One of my very best friends, Sean, had recently made the move from the midwest to San Francisco. When I shared my excitement about getting my share of the American dream he did not congratulate me. Instead he was very blunt, he said I was going to get stuck in the Midwestern rut and never get out. It gave me pause, because this was a familiar story to me, a story that haunted me in it's somber regret. It is my own mother's tale from the mid 1960's, of how she was going to break free of plans and conventions. Her plan was to get in her car and just drive out of Detroit, to leave her predictable life behind, head west on I 94 and see where it would lead her with no plan or end point in sight. Two hours out of the city she decided to turn back, changing the course of her life forever. The heavy feeling of regret sinks in heavy on my chest as I recall this story, I remember the look on her face and the mourning in her eyes as she mused over this one life's chance she did not take.

Motivated by the fear of getting stuck in the Midwest forever and the fear of not wanting to have the same regrets as my mother, I proposed to Luis that we move out west, to San Francisco.
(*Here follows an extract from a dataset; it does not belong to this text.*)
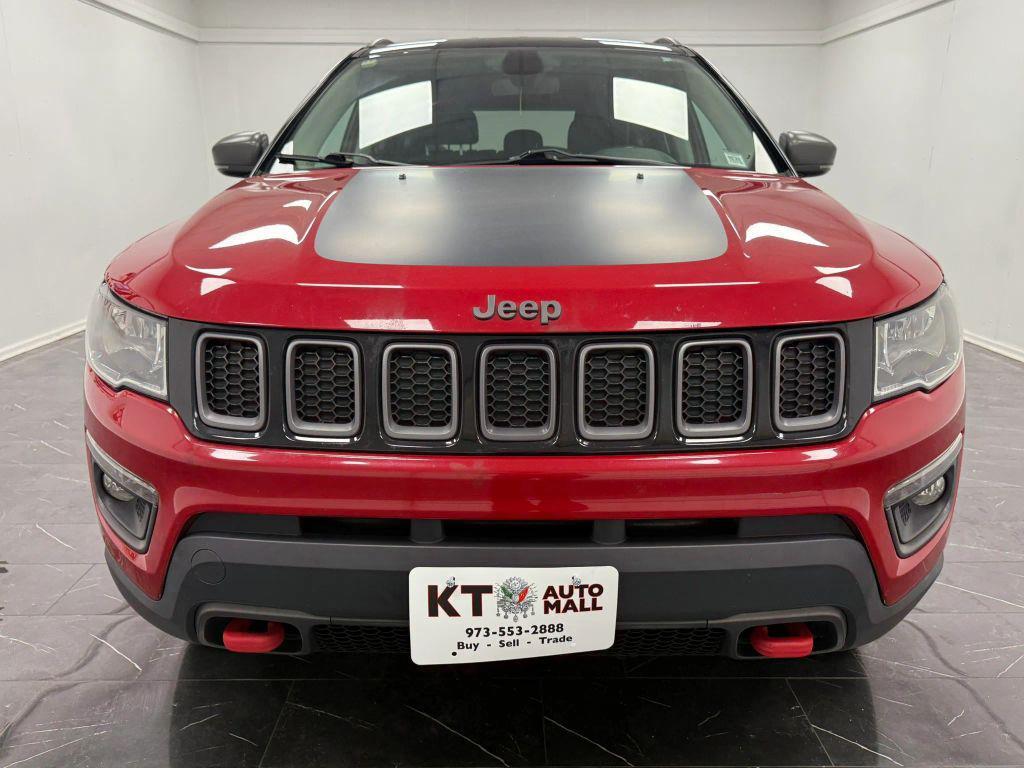 used 2019 Jeep Compass car, priced at $11,495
We could sleep on sean's floor until we figured out what we were going to do. He really didn't have to think about it, and it surprised me how easily he agreed. I guess he figured he had nothing to lose. He had severed his Long Island, NY roots when he joined the coast guard and his military stint gave him a taste for adventure and travel. He was easily sold on the idea. By summer we had gotten rid of most of the things we accumulated while he was stationed in Port Huron, MI and I was a student in Ann Arbor. We packed up the Nissan Sentra and got on the road.

It was liberating, exciting, and felt so very right. We didn't know it then, but our decision to pack up and leave the midwest began a nomadic and rootless period of our lives that are a constant reference point and testament to the benefits of selling all your stuff and hitting the road.